Inmitten von Moden und ephemeren Trends widmet sich Duncan Wylie der eigentlichen Aufgabe der Kunst und der Malerei: die Tiefenstruktur und Vielschichtigkeit der Welt zum Ausdruck zu bringen, die Potentialität inmitten des Realen, das Geschrei des Seins (auch, wenn es möglicherweise nur die Lautstärke des kreativen Geistes ist, der sie wahrnimmt). Große, geniale Kunst lässt in der Welt, die sie abbildet, immer auch noch eine andere Welt sichtbar werden und hat ihr Leben im gegenseitigen Widerspiel und dem gegenseitigen Durchdringen dieser Welten bzw. Seinsbereiche. Das ist die ewige Aufgabe der Malerei und ihr eigentlicher Sinn! Duncan Wylie bildet die Tiefenstruktur der Welt ab in einer Zeit, in der, physikalischen Spekulationen zufolge, unser Universum in eine unendliche Vielzahl von Multiversen eingebettet ist, in denen wir selbst unendlich oft, mit alternierenden Geschichten, auftreten. Duncan Wylie hat neue Lösungen gefunden, den Reichtum und die Tiefe der Welt darzustellen.

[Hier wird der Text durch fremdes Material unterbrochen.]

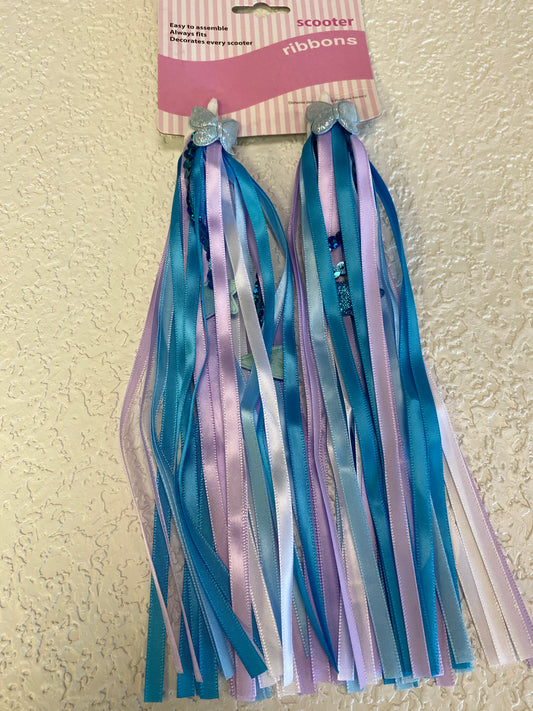 BUTTERFLY POWDER BICYCLE STREAMERS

Geboren 1975 in Zimbabwe, fällt ein gewisses Nomadentum in der Biographie von Duncan Wylie auf – der gegenwärtig in London lebt und arbeitet. Ausgehend von der Erfahrung der Vertreibung von (in Zimbabwe weißen als auch, und zahlenmäßig umso mehr, farbigen) Siedlern und der Zerstörung ihrer Häuser als auch dem Versuch der Zerstörung ihrer Identitäten und ihres Gemeinschaftsgefühls, bilden Akte der Zerstörung bzw. devastierte Architekturen ein frühes Grundmotiv in den Werken von Duncan Wylie – reflektierend verlängert in die Aufgabe, den „Augenblick“, dem Impakt – möglicherweise „das Ereignis“ – einzufangen, sowie den Zufall, das Schicksal; inmitten dessen die metaphysische Unbehaustheit des Menschen innerhalb des Seins, dessen Sinn offensichtlich abwesend ist, oder erst konstruiert werden muss. Zutiefst existenzielle Motive.

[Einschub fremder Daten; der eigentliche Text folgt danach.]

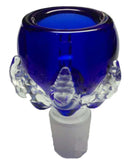 Thick dragon claw male and famale joint glass bowl for glass bongs water pipes 14.4mm & 18.8mm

Wenngleich in seinen Bildern meistens keine Menschen vorkommen – von zeitweiligen rätselhaft unverblümt-unmittelbaren Porträts unter anderem von Robert Mugabe abgesehen – ist es in letzter Zeit die Figur des Seiltänzers, die öfter bei Duncan Wylie auftaucht. Ein Gradwanderer, der sein autonomes Selbst mühsam konstruiert, ein originärer Künstler, der zwischen Kosmos und Chaos als den Elementen wandelt – die Selbsterschaffung und graduelle Selbststabilisierung des Menschen in einer potenziell chaotischen Welt, die Erlangung autonomer, den Zumutungen der Welt gegenüber souveränen Subjektivität, ist die Botschaft, die Duncan Wylie dem Menschen mitzuteilen hat – weniger als eine harsche, autoritäre Aufforderung denn als Vermittlung von Hoffnung und als Zeichen des Respekts für die individuelle Gradwanderung, den individuellen Lebensweg, die individuellen Kämpfe jedes einzelnen.

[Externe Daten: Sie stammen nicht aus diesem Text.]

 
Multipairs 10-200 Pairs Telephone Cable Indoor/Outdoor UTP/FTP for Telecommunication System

In seinen jüngsten Arbeiten, die in der Galerie Dukan erstmals gezeigt werden, scheint Duncan Wylie bei einem Subjekt angelangt zu sein, das über eine etwas sicherere Bahn (Eisenbahngeleise) wandelt, und das beginnt, von seinem inneren Material, seinen Innenräumen produktiv chaotisch überlagert zu werden, das zunehmend komplexer und reichhaltiger wird. Er nennt sie „self constructing figures“. Die Doppelbedeutung von „construct“ scheint eine wesentliche Inspiration zu sein: insoweit ein Konstrukt eine definitive materielle Konsistenz und Objektivität haben kann, aber auch etwas Subjektives (z.B. „ein ideologisches Konstrukt“) sein kann – damit eben auch ein Akt der Schöpfung. Haben wir es mit einer Verhältnisbestimmung Subjektiv – Objektiv zu tun? Dem Ineinanderspielen von beiden? Man bemerke, wie sich die „explodierenden“ Subjekte und die Welt, der Hintergrund, in den sie eingelassen sind, offensichtlich überlagern. Gleichermaßen figurative wie auch abstrakte Kunst. Die Architektur in diesen Werken ist nunmehr intakt, die Welt scheinbar „heiler“.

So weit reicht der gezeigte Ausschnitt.